> **EXERCISE DETAILS**:
From the first line to the last, restate the records word for word, skipping the pictures.

> **Captioned web image data**:
++++++++++++++++++++
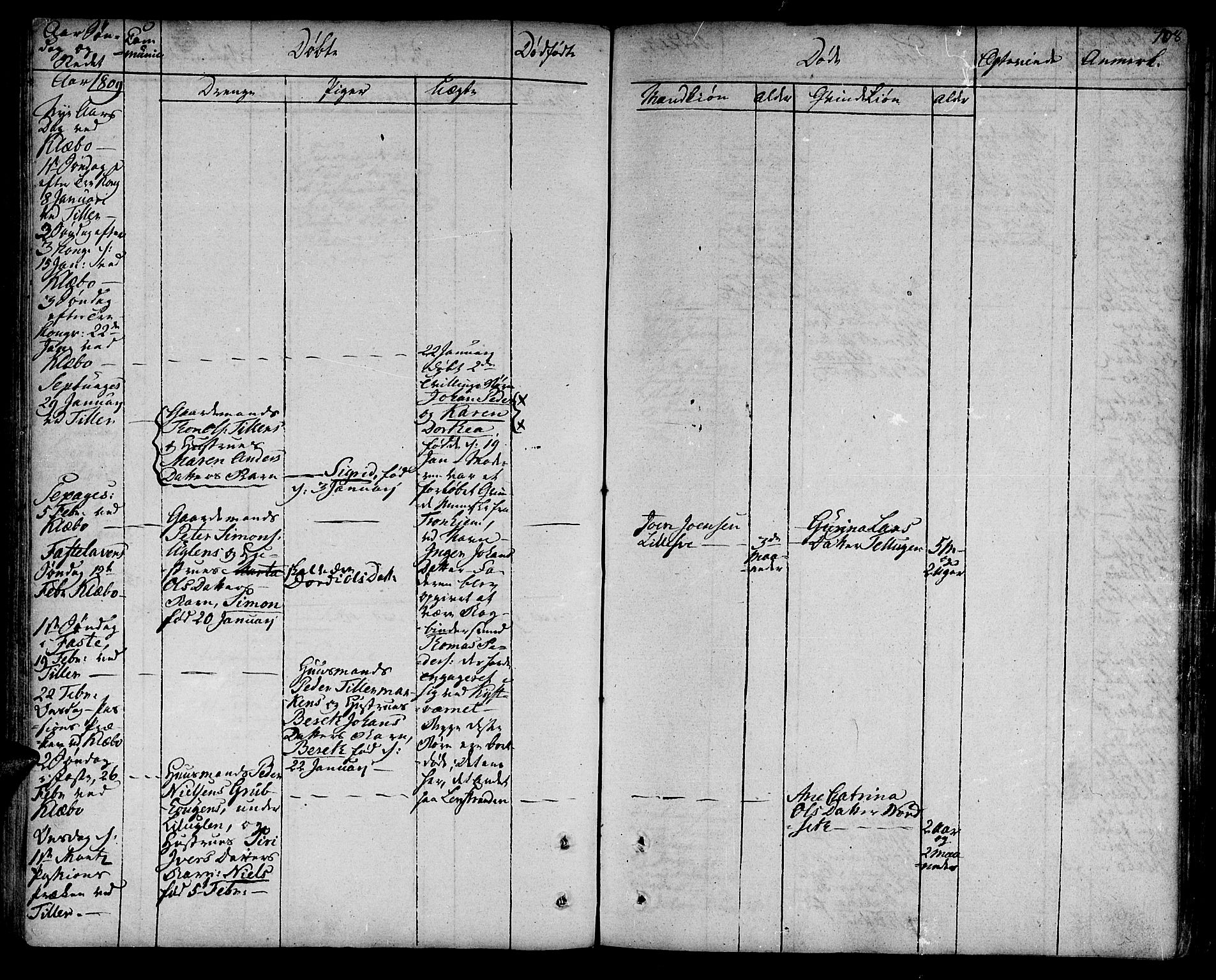 Ministerialprotokoller, klokkerbøker og fødselsregistre - Sør-Trøndelag, SAT/A-1456/618/L0438: Ministerialbok nr. 618A03, 1783-1815, s. 108
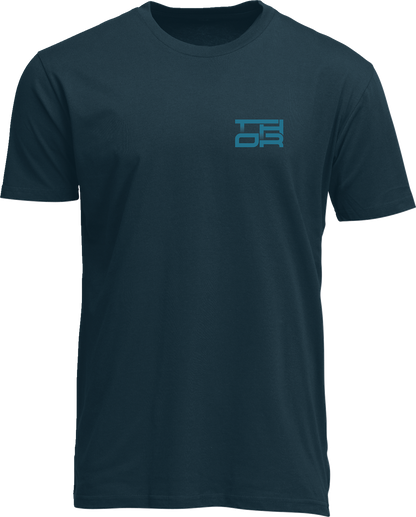 THOR Section T-Shirt - Navy - 2XL | 100% Cotton Graphic Tee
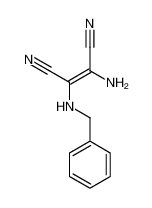 2-amino-3-(benzylamino)but-2-enedinitrile 51802-03-0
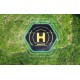 Landing pad for drones Sunnylife 110cm hexagon - Double Sided (TJP10)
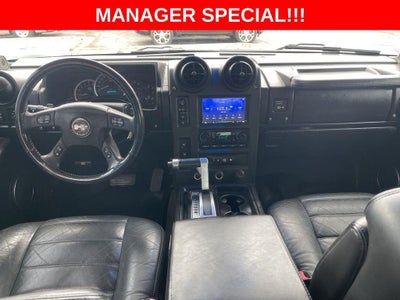 2005 HUMMER H2 Base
++++++++++++++++++++
> **WRITTEN REPLY**:
 Ministerialprotokoller, klokkerbøker og fødselsregistre - Sør-Trøndelag, SAT/A-1456/618/L0438: Ministerialbok nr. 618A03, 1783-1815, s. 108
 THOR Section T-Shirt - Navy - 2XL | 100% Cotton Graphic Tee
 2-amino-3-(benzylamino)but-2-enedinitrile 51802-03-0
 Landing pad for drones Sunnylife 110cm hexagon - Double Sided (TJP10)
 2005 HUMMER H2 Base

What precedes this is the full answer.